Not unlike Italian director Gillo Pontecorvo’s previous feature, The Battle of Algiers, Burn! is a sprawling, rambling, geographically contained epic of timeless urgency. The lesson is a simple one. No person can free another person; a person can only free themself. The method by which this lesson is taught is the interesting thing here. An unusually and appropriately restrained Marlon Brando plays an Englishman with flowing locks of hair. This hair, along with his collected demeanor first suggests the classic “white man out to save the black people” narrative, though Mr. Brando turns out to be the classic “wolf in sheep’s clothing.”

He lands on a Portuguese Caribbean colony where, naturally, Africans have been enslaved to work sugar plantations. After witnessing a government endorsed beheading of a “friend,” our white knight helps the deceased’s family carry the beheaded body back to their home. He then proceeds to hang around looking for the smallest indication of rebellion amongst the enslaved. Once he discovers this, in the form of Jose Dolores (Evaristo Marquez), a band of revolutionaries is formed and Brando leads his pupils by the hand through a successful revolution. This first portion of the movie is riveting political thriller/revolutionary cinema stuff, and it all carries the impressive weight of a “why dunnit?” rather than a “who dunnit?” Why is Brando’s Sir William Walker doing this? Is it out of hate of the Portuguese? Has he been hired to free the people for their own good? Yeah, right. Sir William is on that island for the same reason any imperialist country has any presence in any “unstable” country. Money.

Abruptly Sir William convinces Jose that he is unfit to actually run an organized government and installs a puppet ruler. Britain wins! 10 years pass; talk about abrupt, a title card just flashes on screen. Brando no longer holds any interest in the island he fought so hard for. It was all in a day’s work, and now he is enlisted by his government for another day’s work, this time fighting against the still wound up and enslaved islanders and their still powerful leader, Jose Dolores. The second half of the movie is far more ambiguous and difficult to comprehend than the first, due to the fact so much time has passed and that Britain and therefore Sir Williams Walker’s interests are in stark opposition to their previous allies. This is a historical norm with imperialist governments, and it has never been so pointedly represented.

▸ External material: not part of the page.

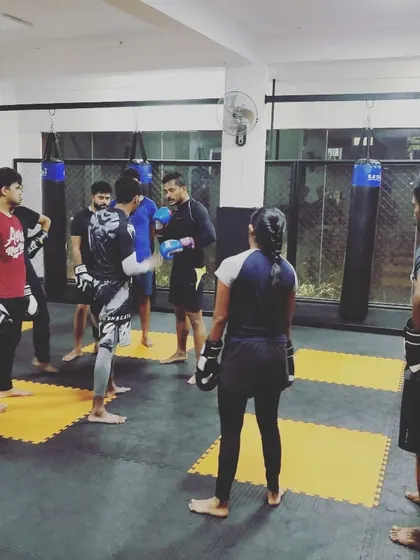 Instructing a student during a kickboxing drill. Personal attention is key to making sure everyone understands the fundamentals and stays safe.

Brando’s character, through the first half of the picture, is presented as a morally ambiguous presence, but this ambiguity is exposed as heartless and inhumane, no matter if his actions seem well intentioned in the first portion. No matter if this imperialist nation is fighting for “good” or “evil” they are still “evil,” but more than evil, greedy. Brando plagues this island like a curse, and this time around the violence takes on a far more affecting strain in the form of civil war. The island is divided between those who decided to follow the puppet leader, and thus Dolores’ troops now war, not against English or Portuguese soldiers, but against their own people. Brando simply observes, a political puppet master with only the slightest twang of guilt over the chaos he caused at the behest of his nation.

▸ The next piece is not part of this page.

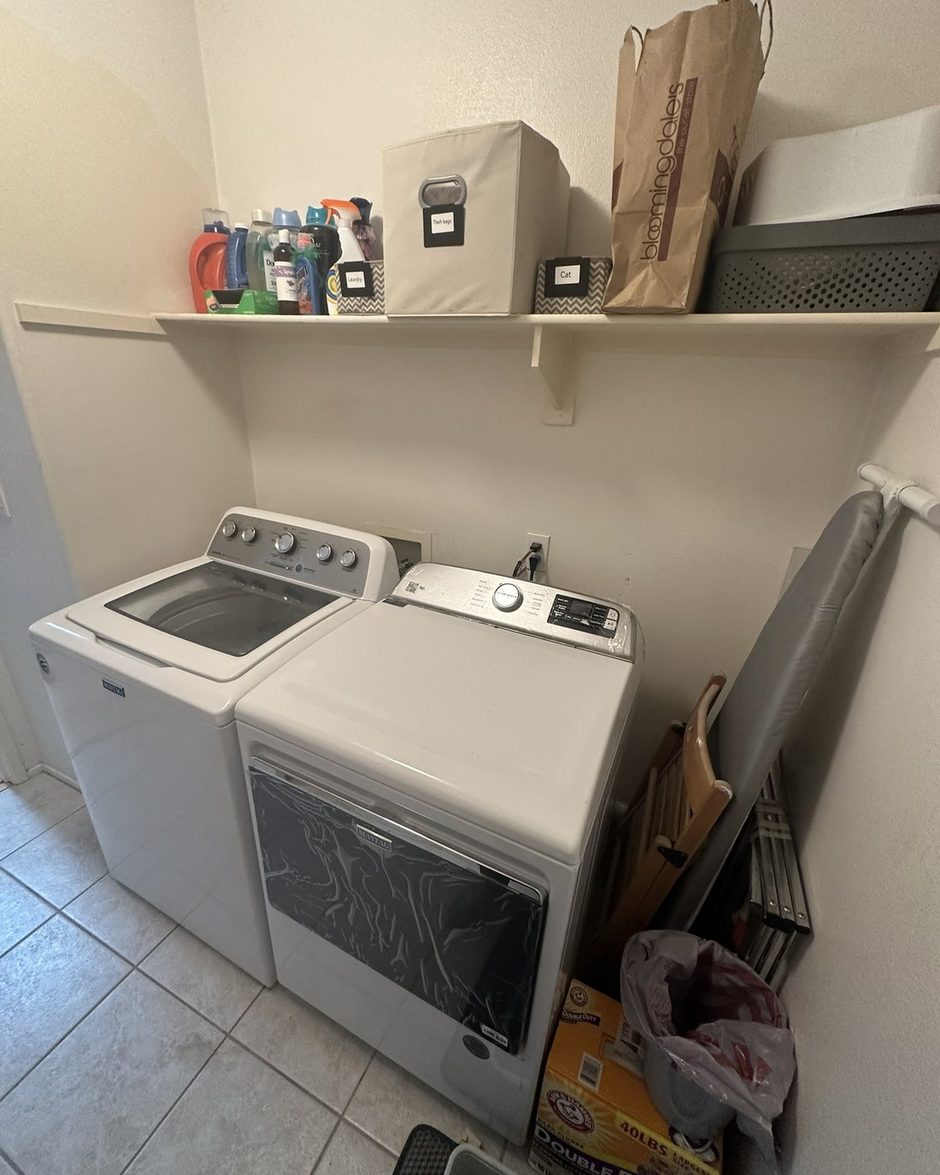 The same laundry closet from the same doorway after: clear machines and labeled bins on the shelf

Sir William Walker is a fascinating, complex creature and Brando plays it all with maniacal detachment in his eyes. Struggling to figure him out, Jose becomes the audience’s eyes and ears, which adds to the complexity of the movie’s structure, considering Jose is not the main character. Sir William is our hero, and it is often a horror to be left alone with him. Ennio Morricone adds a gripping musical theme of epic heroism with an underlying current of menace, as the camerawork acts similarly, shaking through a chaotic mass of extras, yielding a grand scope of intimacy and uncertainty. The uncertainty yields passages that are uneven and less interesting than others, but Burn! remains one of the most politically complex movies I’ve seen, even if the morals of the story are beat over your head in the final moments.